Enfin, pas vraiment.
Derrière les paupières,
se réveille le vrai charme d’un jour de belle corrida à Dax et le jaï-alaï, le jeu allègre et
harmonieux du toreo mélodique qu’elle aime, qu’elle suscite, qui a formé son
palais, qu’elle savoure et qui la fait ronronner. Avec cette impression presque
physique que le public dacquois, lorsque
ça marche selon ses goûts, qui vont malheureusement jusqu'à Conde, boit du
petit lait, que l’expression a été créée pour lui. C’est le coté chat de Dax, même si
la ville doit à un chien sa renommée thermale. Du coup on n’est pas certain de
ne pas avoir entendu, dans le concert des ovations, des miaulements de
délectation surgir des 45 centimètres alloués à chacune des 8000 paires d’yeux
posées sur leur cul landais et rarement montois.

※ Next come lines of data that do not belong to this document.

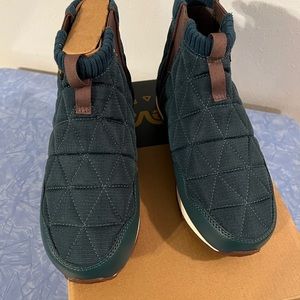 Teva reember mid size 7 blue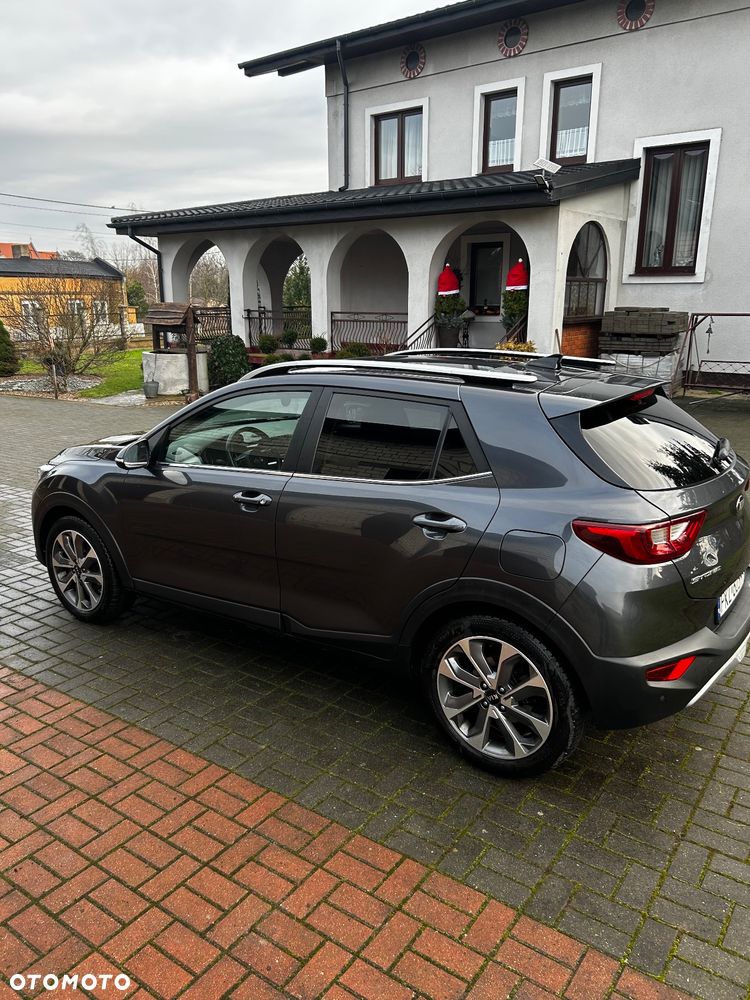 Kia Stonic 1.6 CRDi SCR L - 6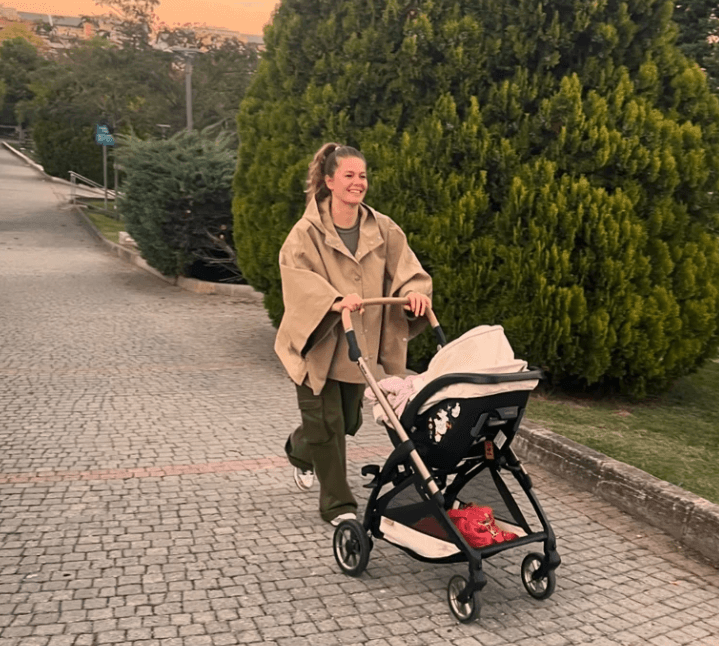 DiziTrack Blog - Burcu Biricik Opens Boutique Hotel Chi House in Ayvalık and Personally Serves Guests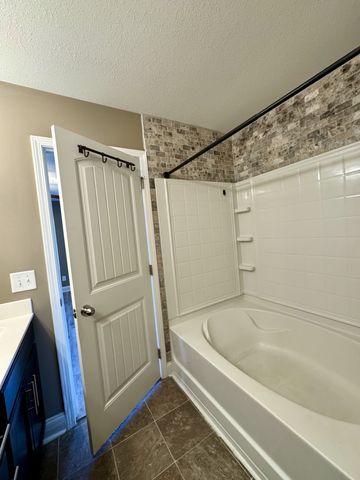 144 Sycamore Hill Dr, Clarksville, TN 37042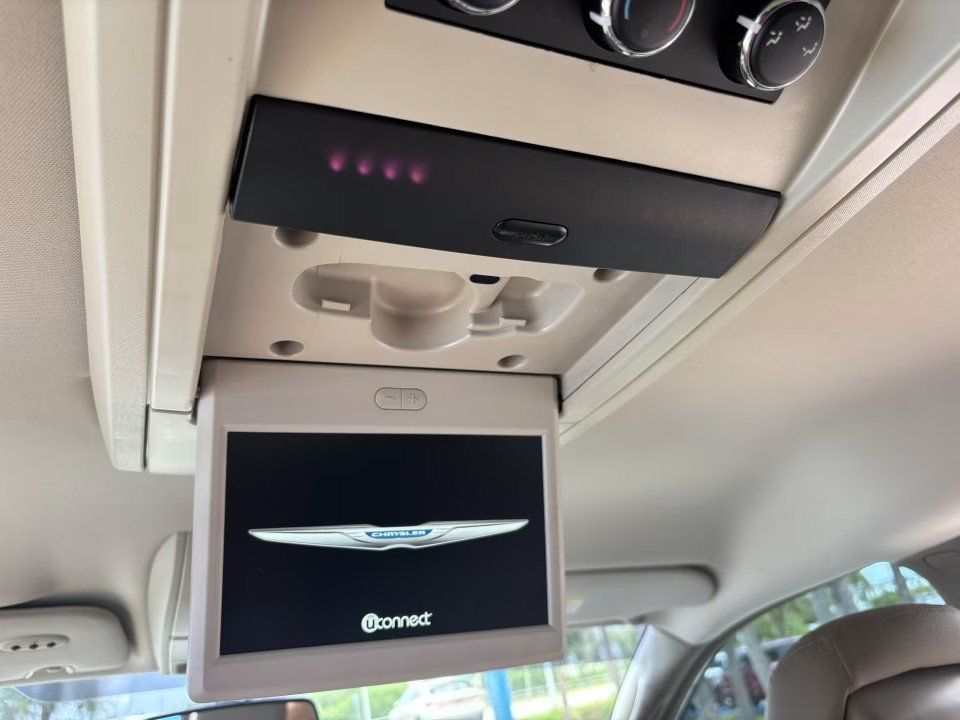 Used 2016 Chrysler Town & Country Touring FWD image 23
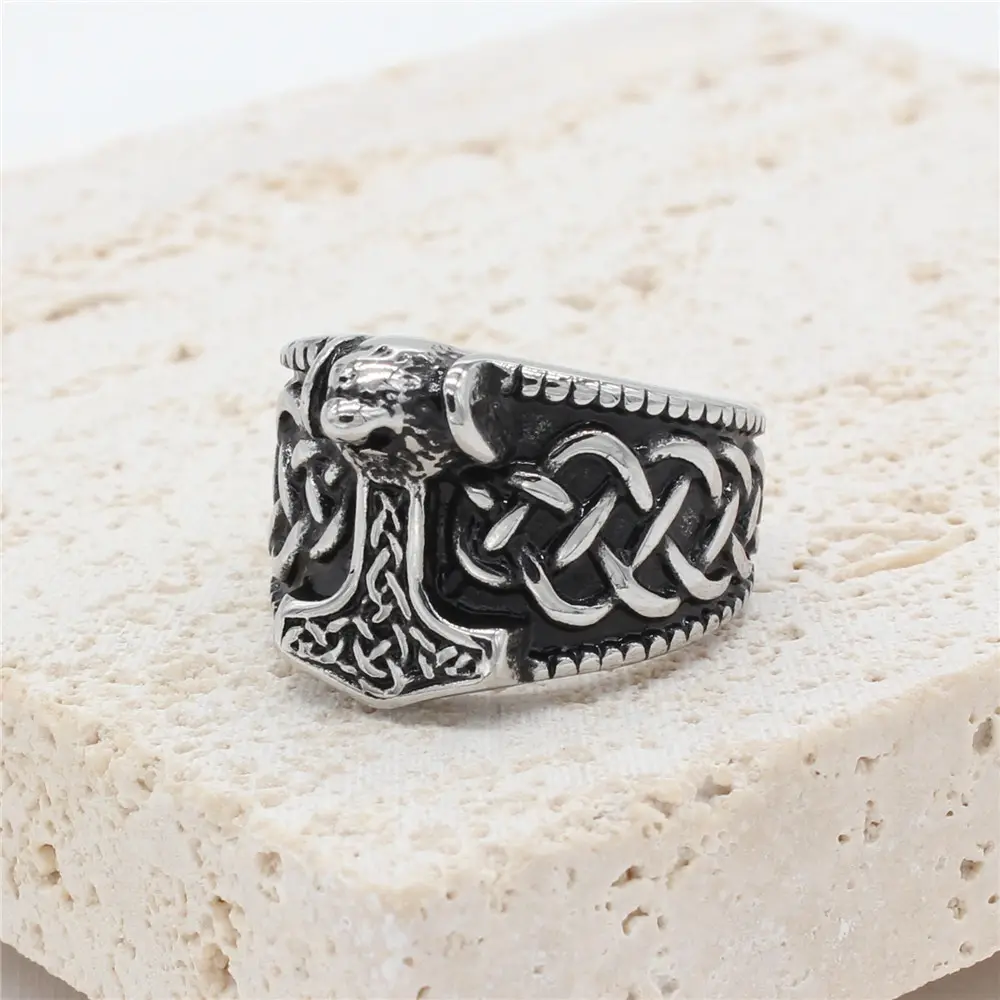 Viking Bear Head Celtics spirale Knot Rune Ring Biker amuleto gioielli Nordic acciaio inossidabile argento Thor Hammer Ring Men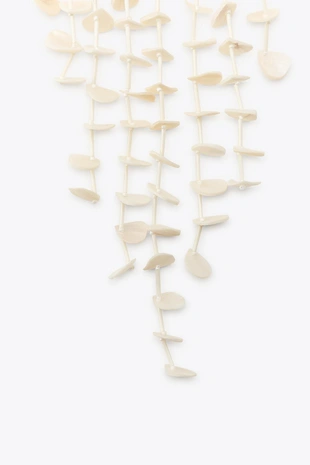 Ожерелье из шнура с ракушками- Заказать в России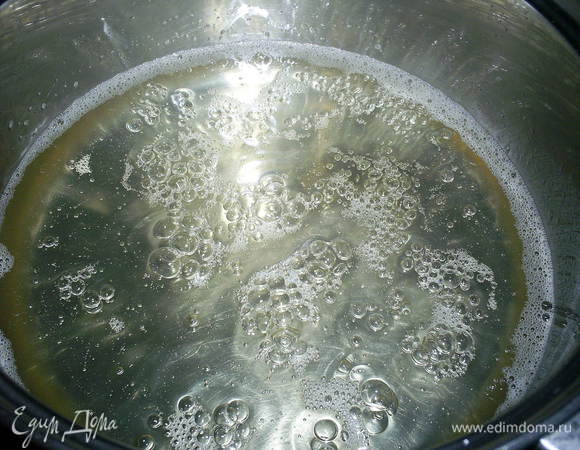 Пока печется манник, готовим сироп. Сахар смешаем с водой и лимонным соком, закипятим и дадим покипеть на среднем огне 5 минут.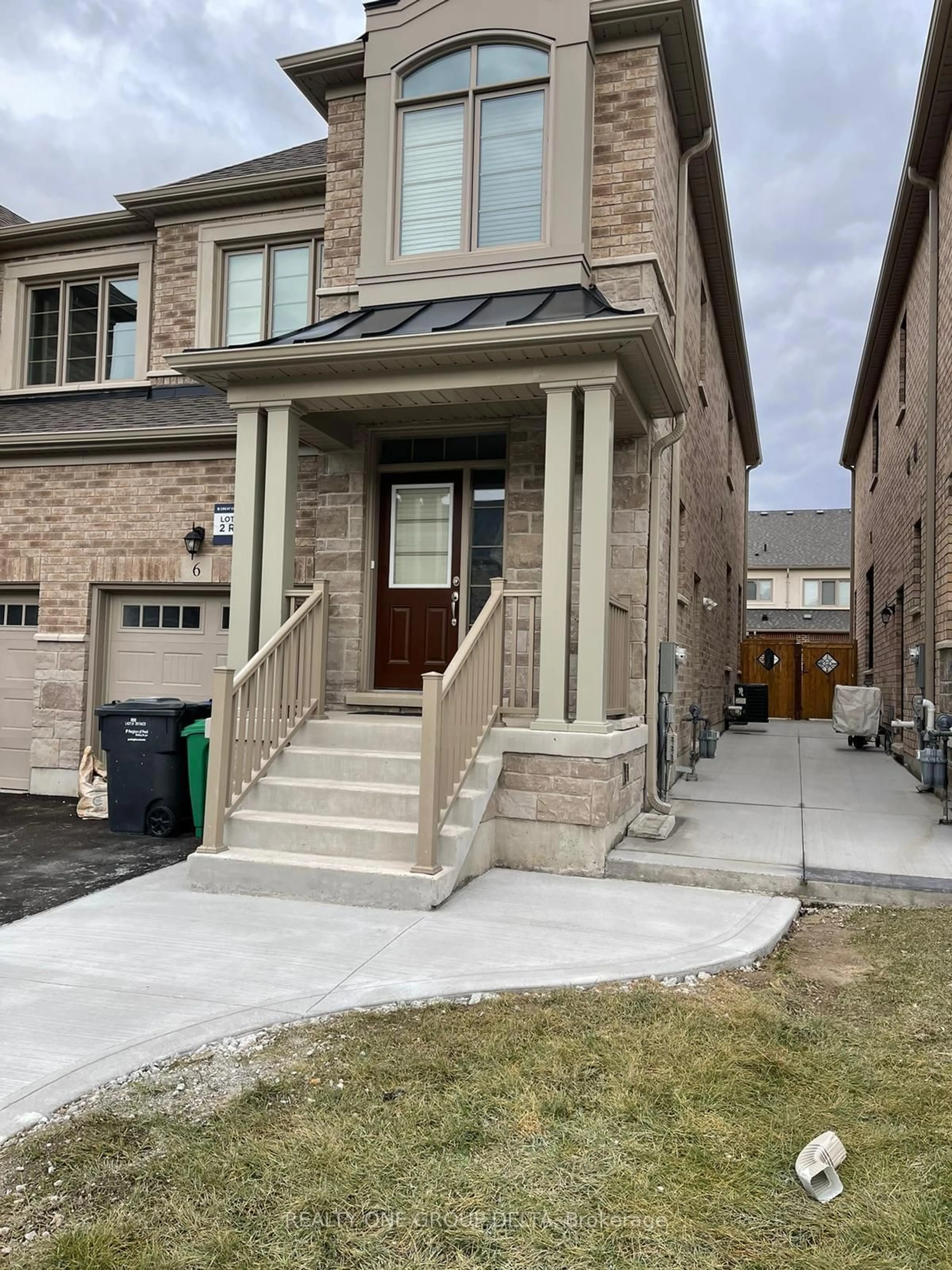 Home with brick exterior material for 6 Quinton Rdge, Brampton Ontario L6Y 0E3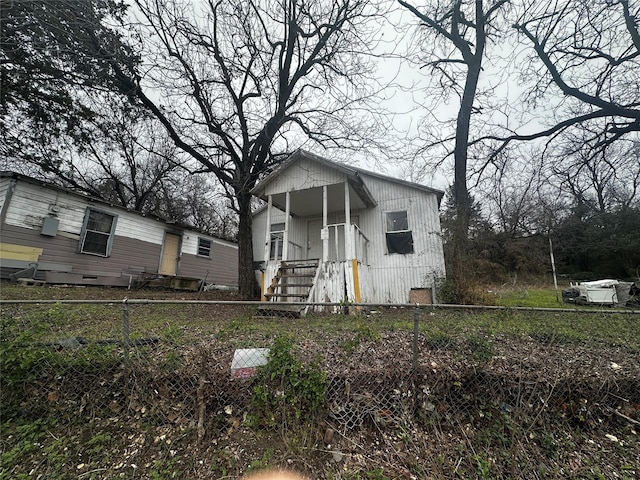 view of front of property with a fenced front yard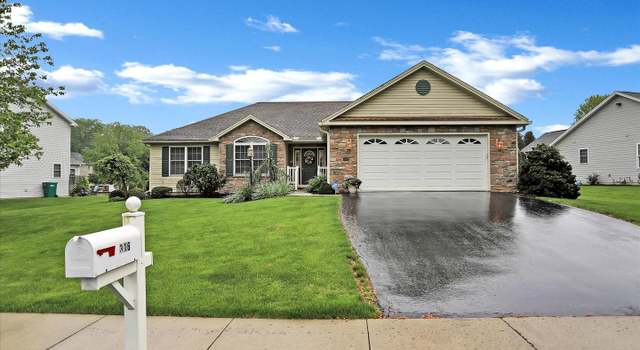 Photo of 316 Stonehedge Dr, Carlisle, PA 17015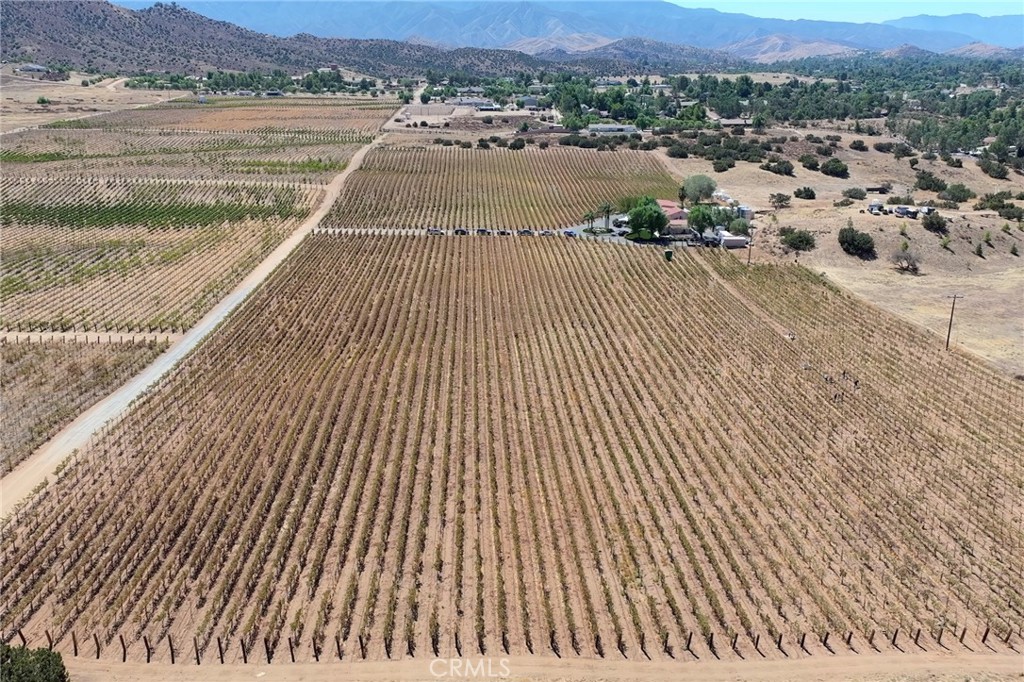 10262 Sierra Highway Property Photo 11
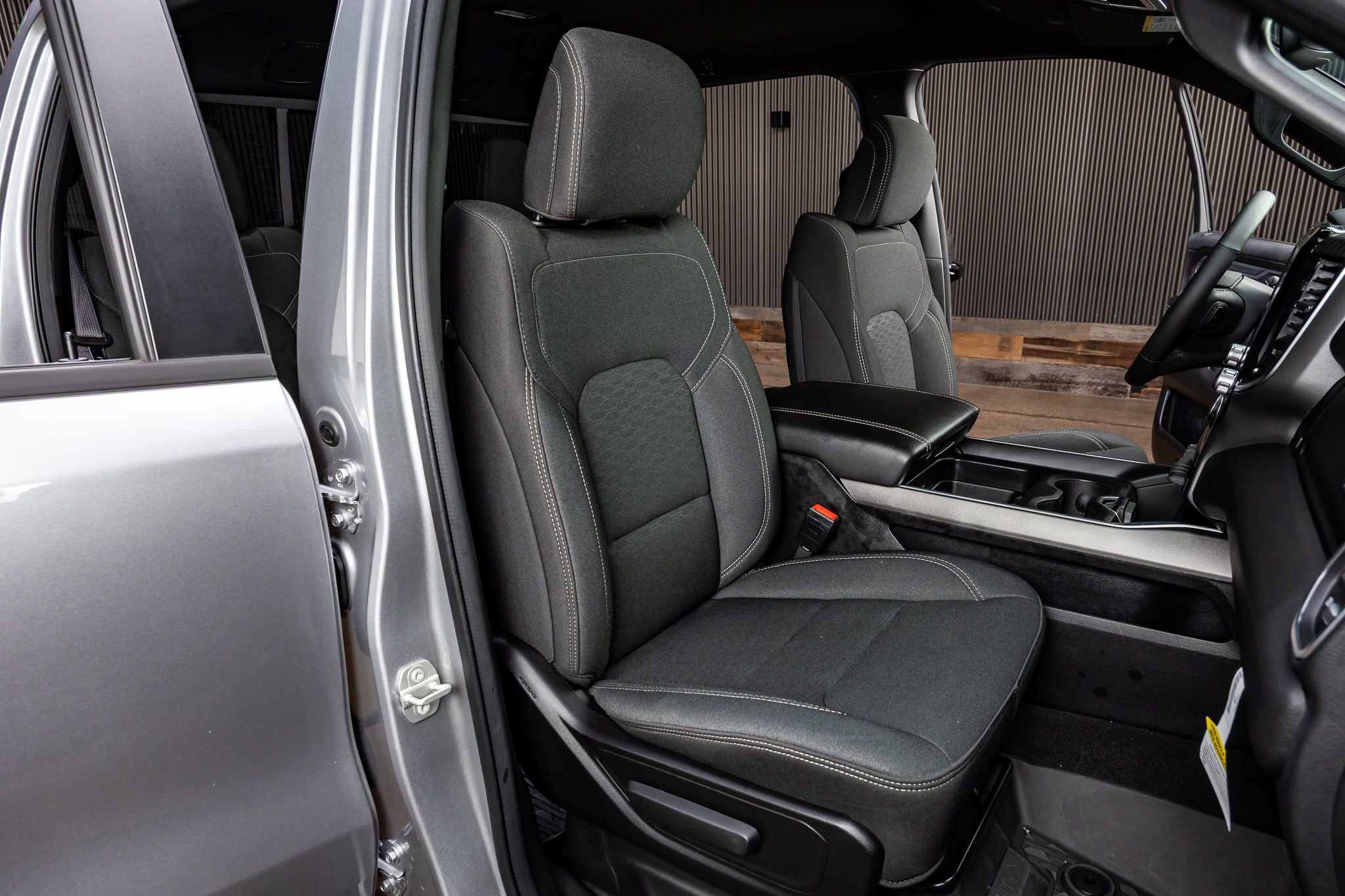 Used 2025 RAM 1500 Big Horn image 32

L’attente du ravissement remplit tous les jours ces arènes vaguement
hispano-mauresques d’une coquetterie ostensible quoique calculée avec discrétion. D’où cette dévotion pour Ponce. Le jeu du chat et de la souris que sa tauromachie,
sa technique, son art, son toucher, son phrasé déploient avec les toros a souvent éveillé et même incarné ce penchant
pour les choses enjôleuses, souplement
sensuelles ou vice versa et pour
ce frou-frou dont l’ego de Dax raffole. Dax devrait nationaliser le paso
doble El Gato Montés, le jouer à chaque corrida, le faire apprendre dans ses écoles.
Il parle d’elle et de sa plaza de toros un jour de corrida.
« El redondel
Bajo el sol parece un
clavel,
Y es al empezar
Igual que un altar
Color de miel.
Sueña el clarin
Y sale el toro. »
La feria de Dax ? Bien sur, comme partout,
des frustrations, des échecs, des trucs ratés ou pas aboutis des colères, des
huées, des engueulades -Desgarbado- mais,
au cœur du raffut accablant du 15 août, il
faut bien reconnaître que le chic dacquois propose ce break délicieux, ces parenthèses rafraîchissantes qu’on a du mal à appeler faenas. Des
«travaux ?» Non, de beaux moments, subtils, exaltants, longs en bouche
qu’on garde dans soi et qui macèrent. Au
bout de la parenthèse et de l’après midi de toros, des gaietés fines, éblouies,
volubiles ou non, rêveuses ou assoiffées et pas seulement de convivialité, traversent
dans l’autre sens le parc Théodore Denis. Et
lentement, comme on déguste. Le
salero, le glamour de Dax ? Une invention des dacquois ? Un lieu
commun pour prose de syndicat d’initiatives ? Un prétexte de plus pour se rengorger
en avançant ce foutu «chez nous à Dax»
qui irrite tant les tribus voisines ?
Pas vraiment. Exemple : «Chez nous à Dax cette année aucun toro de Domecq.» Pas un Domecq ?
Pas de figuras alors ? Si, des figuras : Morante, Manzanares, Ponce
Cid, Juli, Perera…Fortiche.
Ils
retombent toujours sur leurs pieds. Gatos. Des chats.